Reproduce the listing that follows word for word, without its pictures.

────────────────────────────────────────

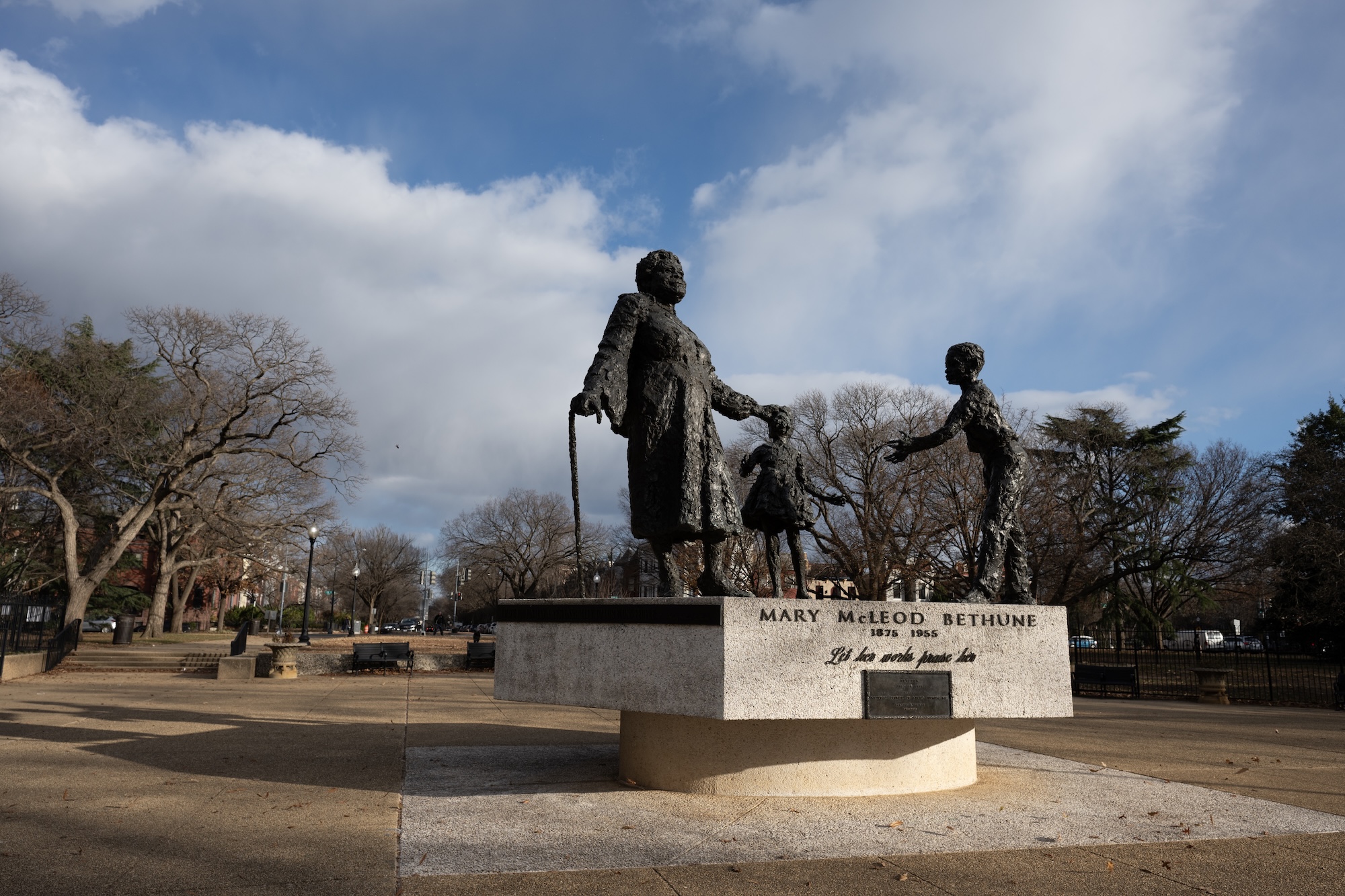 The Mary McLeod Bethune statue stands in Lincoln Park in Washington, DC, depicting the educator and civil rights leader with two children under a partly cloudy sky.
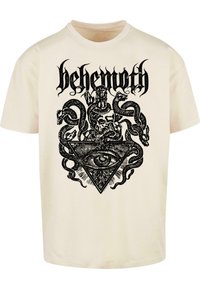Behemoth grafisk t-shirt i cremefarvet, med et detaljeret sort tryk af et kranium, slanger og et øje inden i en trekant. Kortærmet design.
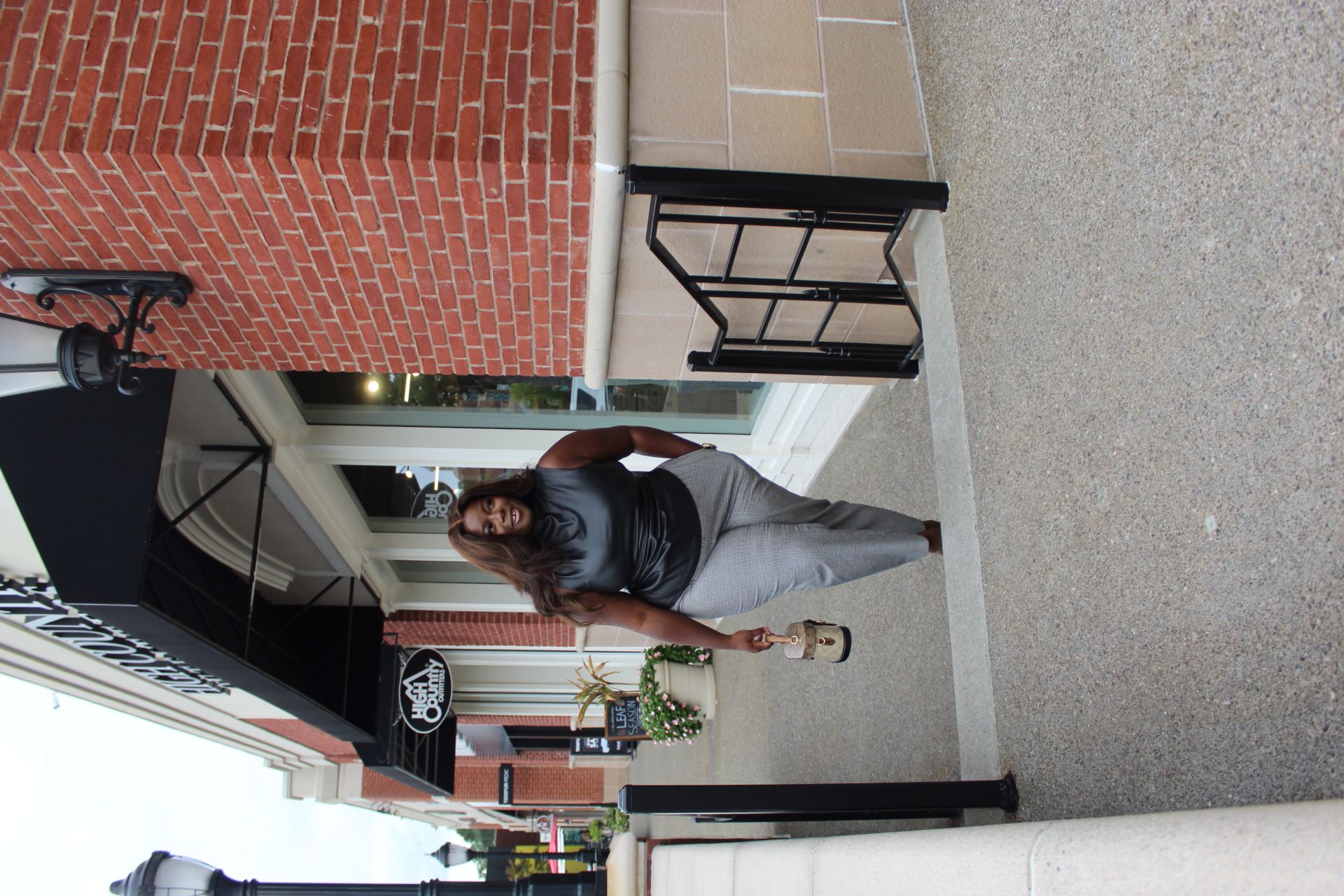 Woman walking on sidewalk outside building with brick and glass facade, plants, and street view in background.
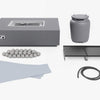 The set components laid out: propane tank cover, gas hose, griddle plates, splatter guard and ceramic spheres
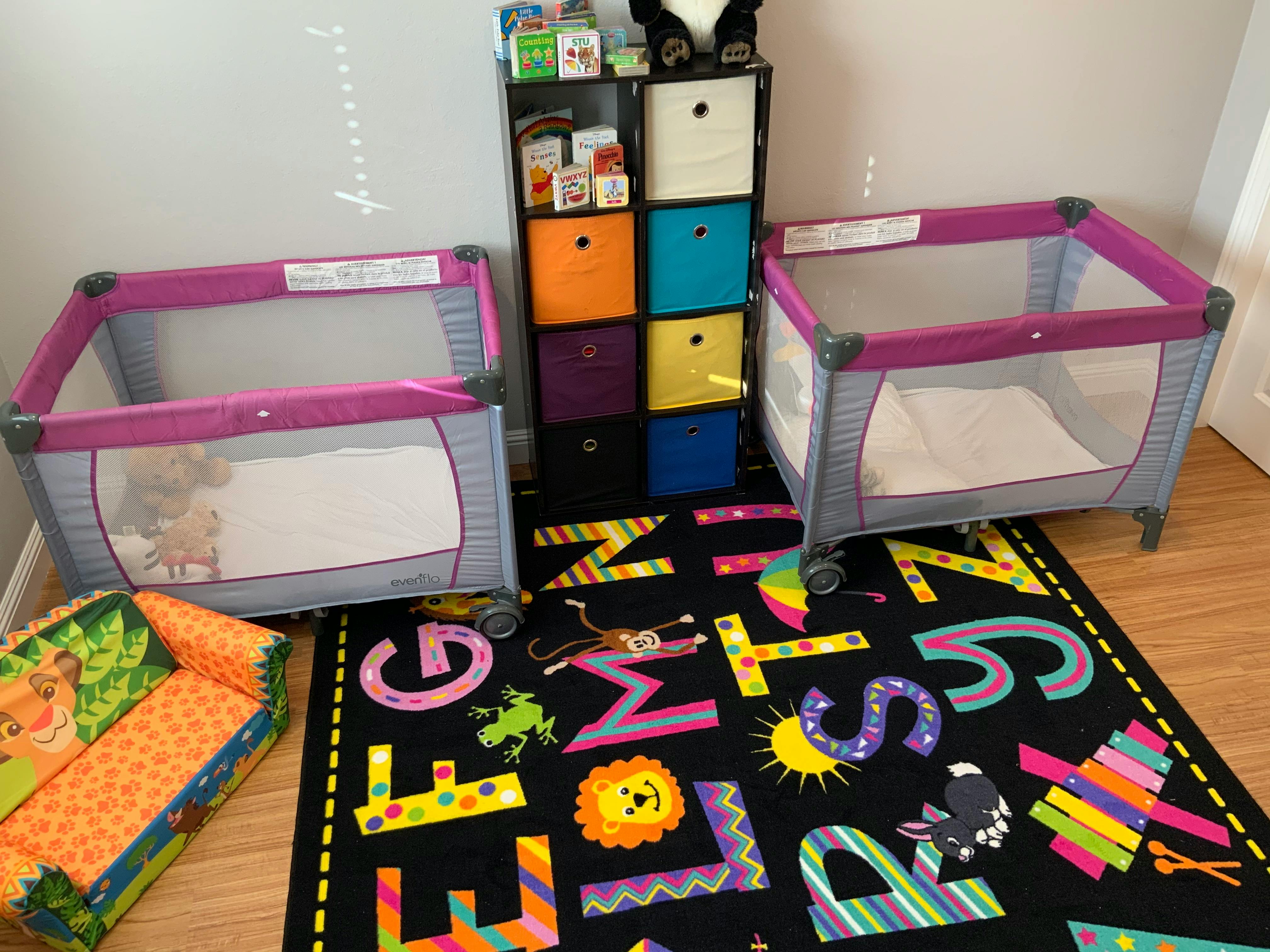 Two portable cribs and a colorful alphabet rug in a room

────────────────────────────────────────

■ Response for this exercise
 The Mary McLeod Bethune statue stands in Lincoln Park in Washington, DC, depicting the educator and civil rights leader with two children under a partly cloudy sky.
Behemoth grafisk t-shirt i cremefarvet, med et detaljeret sort tryk af et kranium, slanger og et øje inden i en trekant. Kortærmet design.
 Woman walking on sidewalk outside building with brick and glass facade, plants, and street view in background.
 The set components laid out: propane tank cover, gas hose, griddle plates, splatter guard and ceramic spheres
 Two portable cribs and a colorful alphabet rug in a room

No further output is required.